From the listing below, restate word for word the lines from the line containing "a brown bmw" down through the line containing "internal-med-doctor-with-female-patient". Exclude pictures.

* **Material for this task**
.....
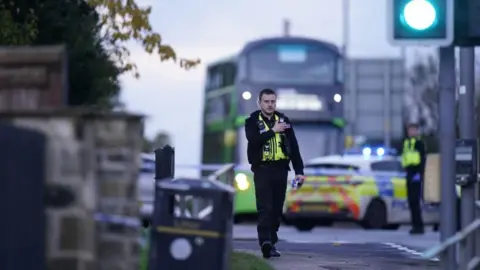 PA Media Police close road after boy stabbed in Horsforth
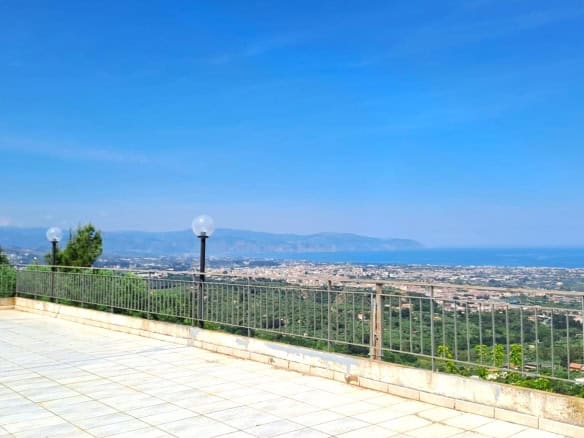 Vista panoramica sulla città e sul mare dal terrazzo di una casa con pavimentazione in piastrelle e lampioni decorativi, immersa nel verde e con un ampio orizzonte.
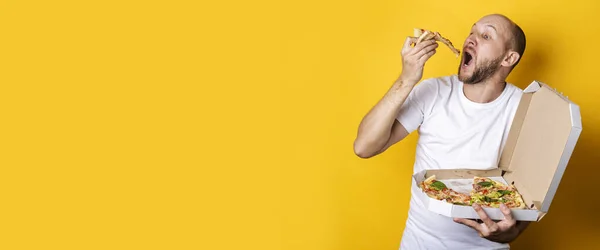 Young Man Eating Hot Fresh Pizza Packaging Yellow Background Banner — Stock Photo, Image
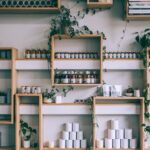 Creative interior design of small shop with wooden shelves full of assorted colorful bottles and green plants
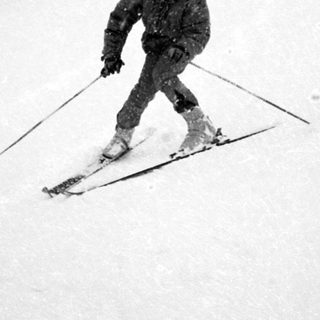 A skier descending snow-covered slope in winter.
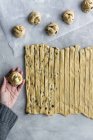 Dall'alto mano di raccolto di pasta fresca rotolante femminile irriconoscibile per pasticceria in cucina accogliente — Foto stock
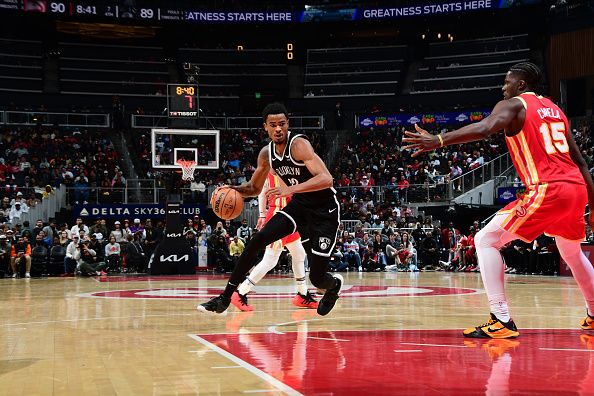 ATLANTA, GA - DECEMBER 6: Nicolas Claxton #33 of the Brooklyn Nets dribbles the ball during the game against the Atlanta Hawks on December 6, 2023 at State Farm Arena in Atlanta, Georgia.  NOTE TO USER: User expressly acknowledges and agrees that, by downloading and/or using this Photograph, user is consenting to the terms and conditions of the Getty Images License Agreement. Mandatory Copyright Notice: Copyright 2023 NBAE (Photo by Scott Cunningham/NBAE via Getty Images)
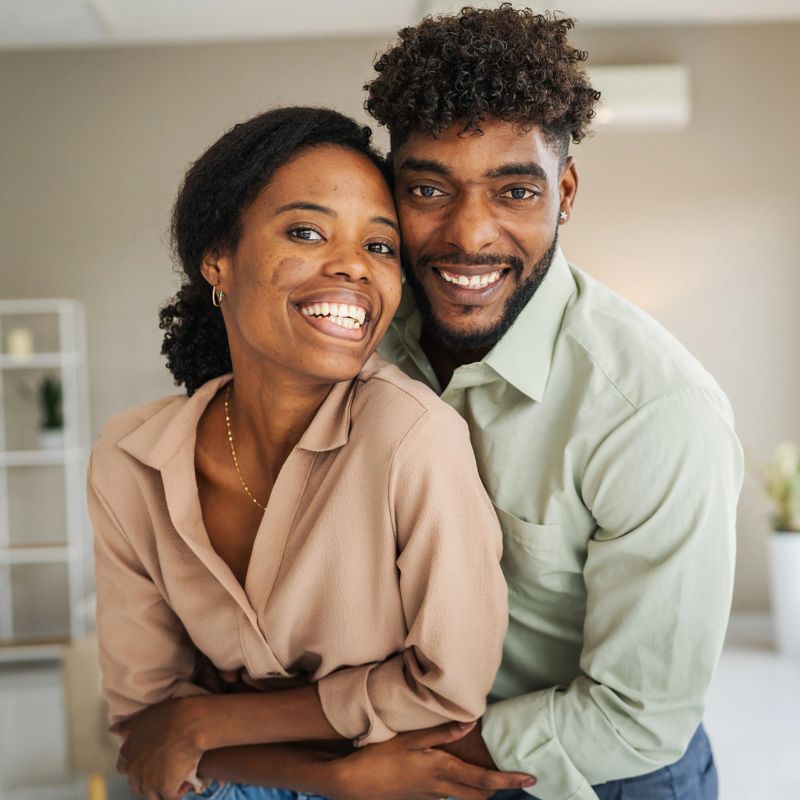 Happy young black couple embracing and smiling at the camera in a bright modern apartment, sharing affection, warmth and joyful connection in their cozy living space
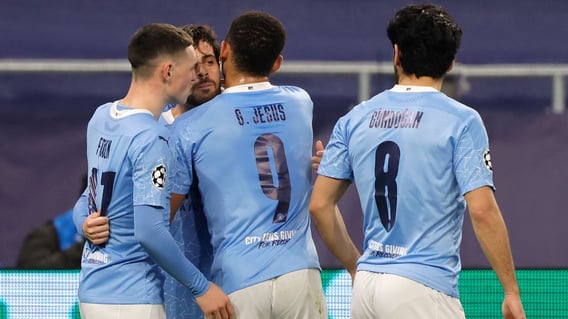 TEAM: Jesus and Foden celebrate with Bernardo after his goal.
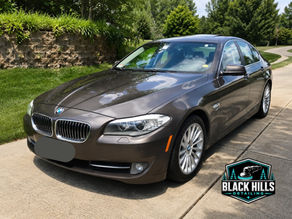 a brown bmw with a ceramic coating after mobile detailing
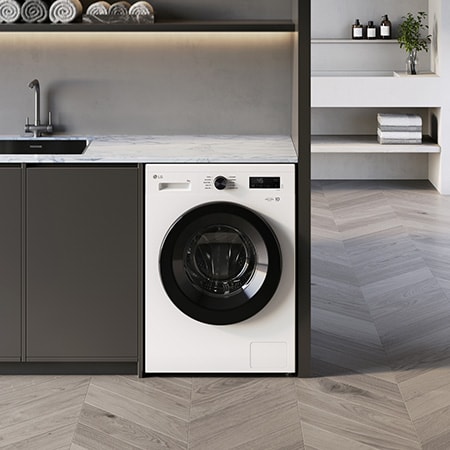 The LG 9kg washing machine F4X1008NWK in Essence White, shown built-under a counter in a modern laundry room.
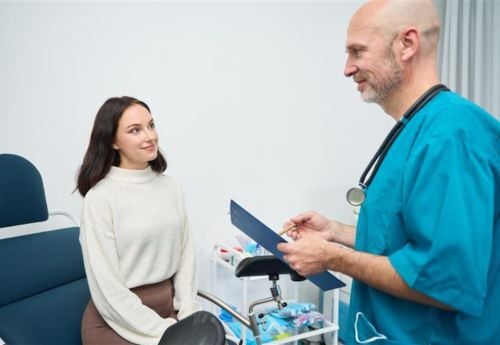 internal-med-doctor-with-female-patient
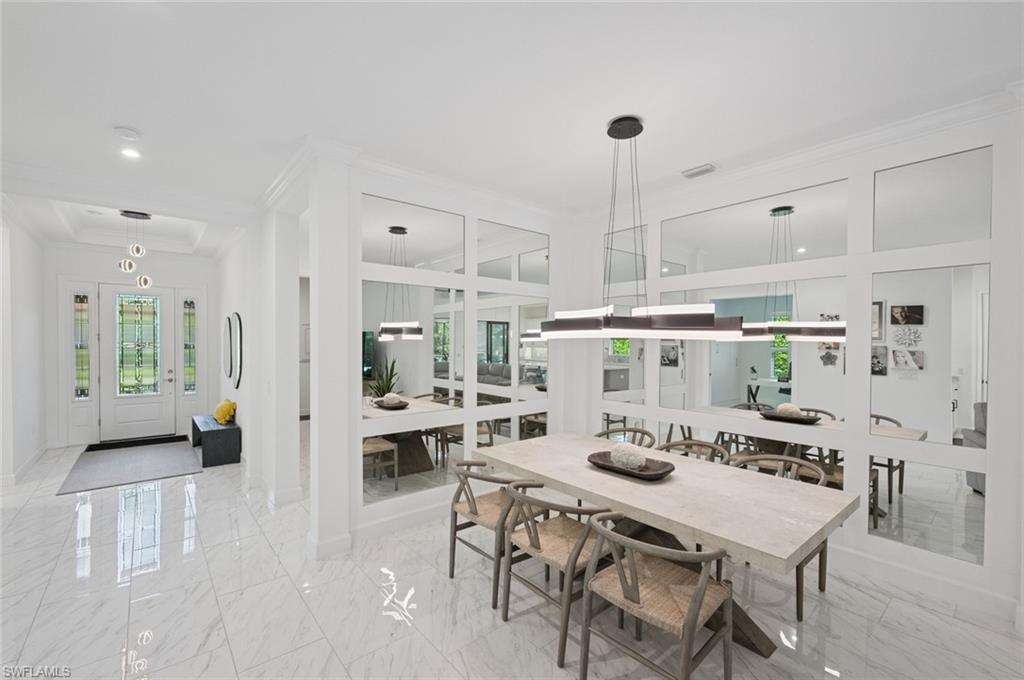 3171 Quilcene Lane Naples, FL 34114 - Photo 5 of 37 a kitchen with stainless steel appliances kitchen island granite countertop a dining table chairs and white cabinets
.....
* **Answer box**
 a brown bmw with a ceramic coating after mobile detailing
 The LG 9kg washing machine F4X1008NWK in Essence White, shown built-under a counter in a modern laundry room.
 internal-med-doctor-with-female-patient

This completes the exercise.